WASHINGTON – National Democrats have targeted South Jersey for one of their first ads of the fall House campaigns, underscoring how a suburban Philadelphia district has become a key battleground, one of the few where they may have a chance to pick off a Republican-held seat.
Democrats see opportunity in the Burlington and Ocean county-district where U.S. Rep. Jon Runyan (R., N.J.) is retiring, leaving a contest between Burlington County Freeholder Aimee Belgard, a Democrat, and Republican Tom MacArthur, a former mayor in North Jersey and ex-insurance executive.
The Democrats’ ad attacks MacArthur for lawsuits against his former company, York Risk Services Group, in which the insurance adjustment firm was accused of short-changing policy holders after wildfires and hurricanes.
“When disaster strikes, some try and help…. Insurance CEO Tom MacArthur tried to profit,” the ad intones, over grainy images of destruction and MacArthur.
The ad revives attacks MacArthur faced in a brutal GOP primary against Steve Lonegan.
The MacArthur campaign had readied itself: in recent weeks it circulated a memo highlighting Belgard’s past work as an insurance adjuster and her 16 years as an attorney for a firm, Sweeney & Sheehan, that defends insurance companies.
“Aimee Belgard either has a convenient case of amnesia or she is just plain dishonest,” MacArthur said in the memo. “It defies credibility for Belgard to spend her career working in the insurance industry and then try to run a campaign attacking someone else for working in the same industry.”
The Belgard campaign scoffed at MacArthur comparing her work to his role as head of his company.
"The fact that Tom MacArthur thinks that Aimee’s employment as an attorney somehow compares to the way he made his fortune as the President and CEO of a company known for delaying and denying claims to disaster victims only proves how out of touch he is with hardworking middle-class families,” said Belgard spokeswoman Hannah Ledford. “He was in charge.”
The ad will bring to voters’ living rooms the sparring that has been building behind the scenes for weeks and seems sure to intensify as the election nears and Democrats' hopes narrow, both nationally and in the Philadelphia area, where races in Chester and Bucks counties have seemed to tilt toward Republicans.

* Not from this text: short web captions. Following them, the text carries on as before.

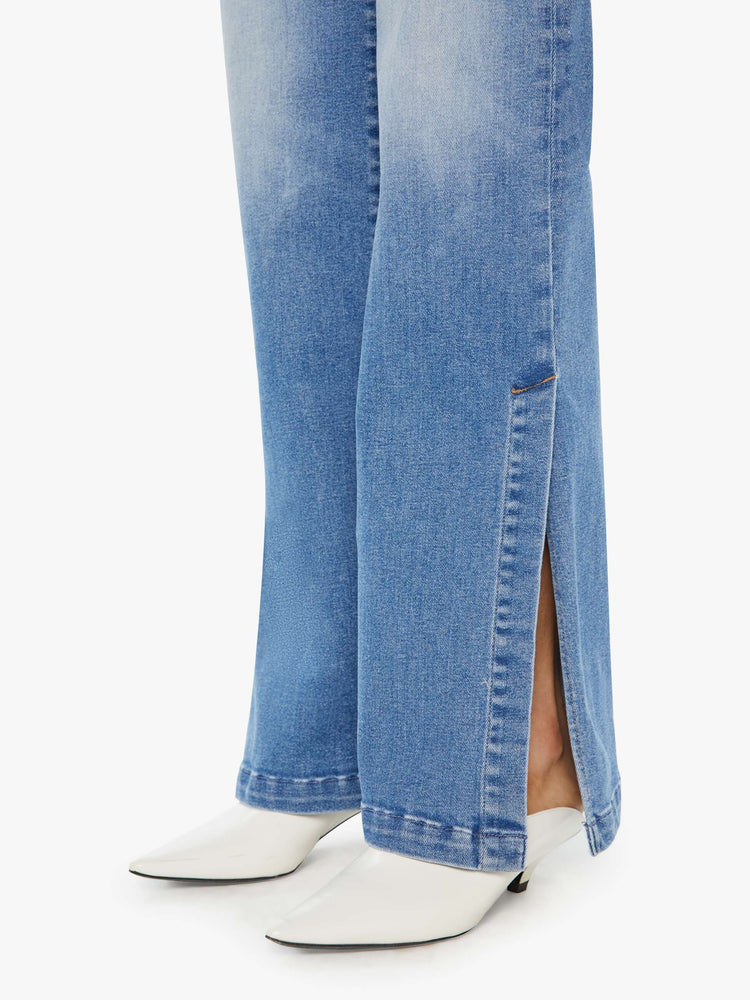 Detailed view of a woman in light blue high-rise wide-leg jeans with a long 32-inch inseam and a thick side-slit hem.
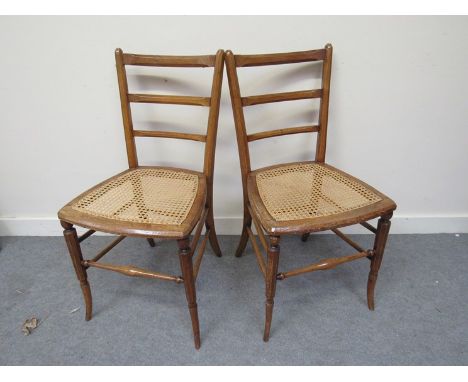 A pair of Victorian cane seated ladder-back chairs on stretchers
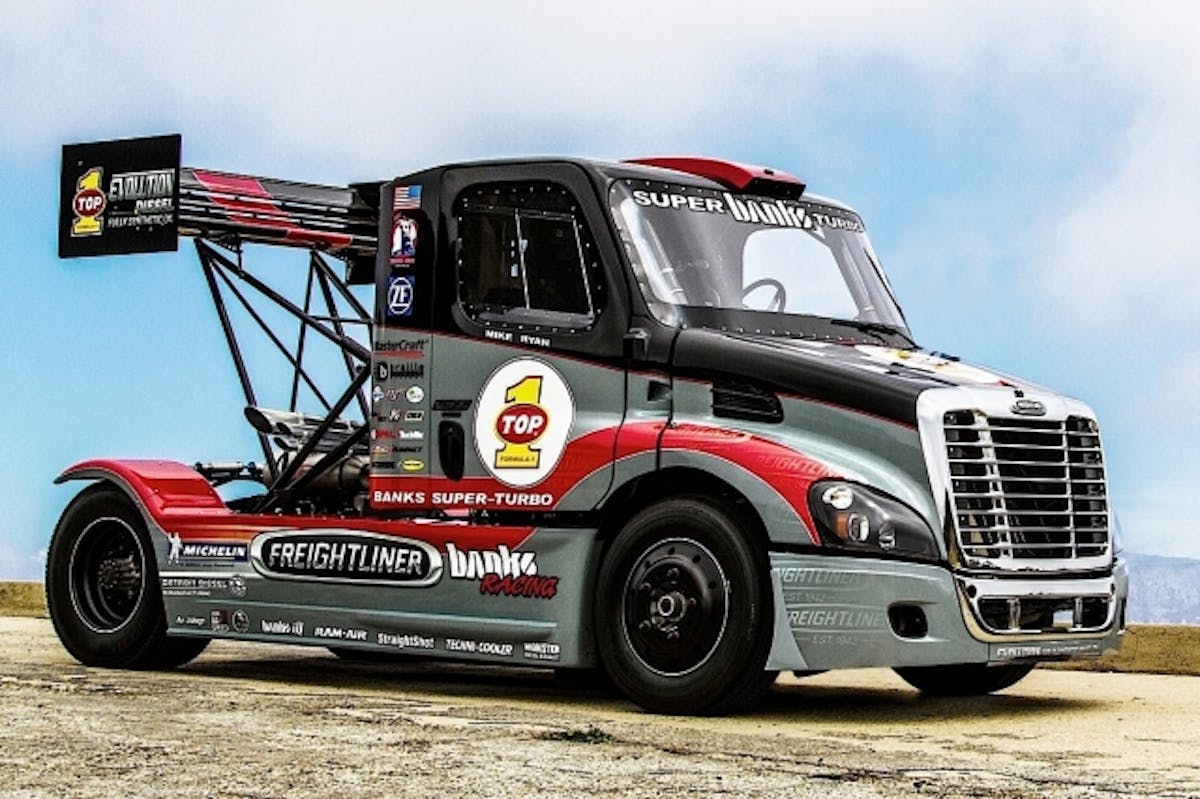 Mike Ryan's Freightliner powered by a Banks Super-Turbo 14.0L Detroit Diesel was just 10 seconds shy of breaking the world record at Pike's Peak. The run was in the rain, snow and fog with heavy washout.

Belgard has painted MacArthur as a multi-millionaire outsider who only moved from North Jersey to the district so he could run for Congress after Runyan bowed out. MacArthur has cast Belgard as a “vacuous” campaigner who has hidden from the media and public scrutiny.
The ad is one of the first two the Democratic Congressional Campaign Committee has launched for the fall general elections, and will begin airing on cable in the district Tuesday. (Its other ad is in New York).
At stake is a hotly-contested seat where Republicans for decades have won Congressional races -- with one recent exception, 2008 – but where there are enough swing voters that President Obama twice won the district. The open seat only makes the race appear more competitive.
Democrats have reserved $1.3 million of airtime in the South Jersey district, but a spokesman declined to say how much is being spent on this first television salvo.
The primary campaign attacks on MacArthur’s former firm, which he founded and built, center on three cases in which his company and the insurers it worked for were accused of short-changing hurricanes or fire victims.
York and insurance firms it worked for were sued in Texas by the Port of Galveston and Houston Baptist University after Hurricane Ike struck in 2008. York was an adjuster for the insurers. California regulators also cited York and one of its clients in 2012 for allegedly mishandling claims arising from a 2008 fire that ravaged a mobile-home community.
Each case was settled. MacArthur left York in late 2010, before the settlements in the cases of the port and wildfires. He sold it for around $500 million.
The Port of Galveston received all $15 million its suit sought, according to lawyer for the port. In California, York paid a $142,500 fine. Officials at Houston Baptist declined to comment when the Inquirer contacted them earlier this year. (Here is our reporting from the primary).
MacArthur’s campaign memo says York was “not an insurance company. It provided various services to insurers, public entities and self-insured’s.”
“In an extremely litigious industry, York raced relatively few lawsuits out of the more than one million of claims it processed during MacArthur’s tenure,” the memo said.